Read: Psalm 11
In the LORD I take refuge; how can you say to me, “Flee like a bird to the mountains….”? (Psalm 11:1, NRSV).
So, I really did flee like a bird to the mountains—just last week, in fact. My new home in northwest Italy could not be a greater contrast to my tiny apartment in central Rome, but to paraphrase Jane Austen, Rome had “delighted me long enough.”
Even in lockdown, Rome was far noisier than my new mountain refuge—a cluster of small, stone structures clinging to the slopes above the village of San Lorenzo in the Angrogna Valley. But just as I was luxuriating in the sound of songbirds, “the peace of wild things” was shattered by what I can only describe as cow cacophony.
My chalet shares a lane with a farm next door. The day after my arrival, that lane came alive with cows. Herded by children a fraction of their size, the cows were crowded into the barnyard to receive the bells that would help keep them safe in the high summer pastures for which they would soon depart. This was all part of the prep. Big cows got big bells; calves got baby bells. Some of the most beautiful bovine specimens received fancy, expensive-looking bells, which I assume signified the recipients’ prize status. But as I watched the parade pass by, I had to hold my hands over my ears. So much for the sound of silence!
Even the cows themselves seemed alarmed by the noise. I laughed out loud as the herd hurried from one end of the pasture to the other, trying to “escape” the sound of themselves. It made me think of a stanza from a poem Emily Dickinson: The Manner of the Children—who weary of the Day—Themself—the noisy Plaything they cannot put away.
Suddenly, I stopped laughing. Come to think of it, I had a lot in common with those fleeing cows. There really is no escape from ourselves, after all. And some problems—like pandemics—can’t be shaken off no matter how fast we run back and forth across the pasture. Even climbing the mountain won’t get that bell off our necks.
The urge to escape is understandable. But when the psalmist’s friends advised him to “flee like a bird to the mountains,” he wisely recognized that God was his only real refuge. We would do well to realize the same.
Does this mean we throw caution to the wind, and rush back to our lives as if the pandemic did not exist? Of course not. Just bragging that we will “not be ruled by fear” is absurd. A little fear is healthy sometimes. The psalmist was still surrounded by enemies after he announced that he was going to trust God instead of running away. Denial would have been dangerous. At the end of the day, denial is simply escapism by another name.
Perhaps the difference is one of demeanor. If we know our true refuge is in God, we can go about the business of survival without feeling like we are in a constant state of “fight or flight.”
The cows left for their summer pastures last night. Most of them seem to have adjusted to their bells. The silence after their exodus is profound, though now my ears can detect the gentler sounds that were lost under the layers of cow cacophony—birdsong and rustling leaves for starters. I am still wearing my own metaphorical bell, but I find that if I keep my spirit still, I can stop running back and forth across the pasture.

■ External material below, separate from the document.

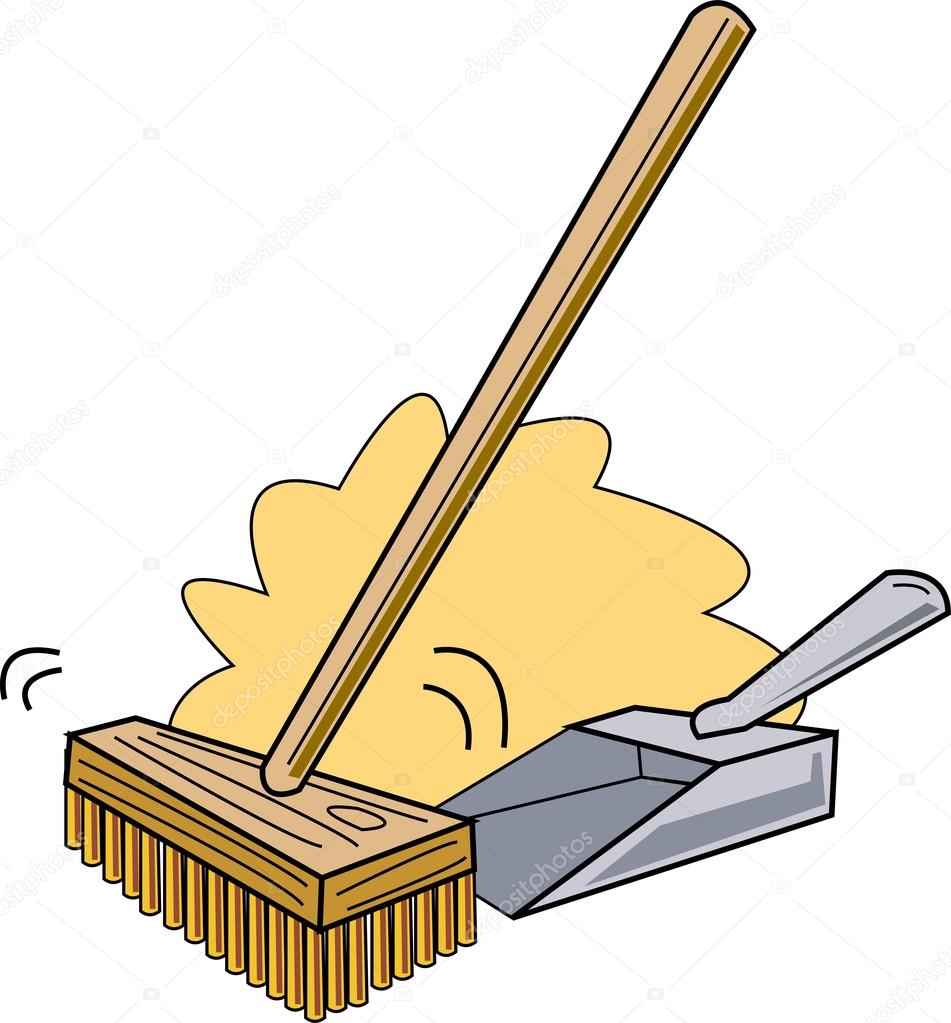 clipart broom and dustpan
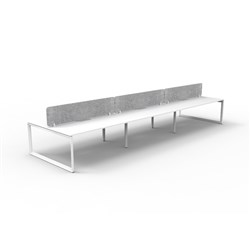 Rapidline Deluxe Infinity Desk Loop Leg Double Sided Grey Eco Screen 6 Person 4500mmW Wht/Wh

Ponder: What is the bell around your neck these days? What helps you keep your spirit still?
Pray: Help us to find our refuge in you, O God. Even as we contend with each day’s dangers, keep our spirits still. May that inner peace be a balm to both ourselves and others. Amen.
Listen to The Music of Stillness by Elaine Hagenberg (poem by Sarah Teasdale).
“The View from Here” Series
As many of you know, I am spending my sabbatical in Italy. After living for several months in the heart of Rome, I recently made a move to the mountains. (The Italian side of the Cottian Alps, to be precise—southwest of Turin and very close to the French border.) The transition was tricky, what with the pandemic and Italy’s tight restrictions on travel. But I am grateful for the spectacular change of scenery after being locked down in a two-room apartment. While the view has changed, I will continue to offer what I hope is a unique perspective on Italy—and the world—right now.
And yes—the picture above really is the place where I am living. Now you know why I’m calling this series, “The View from Here.” I hope that you will be able to enjoy that view vicariously, as well as some of the deep peace of this place.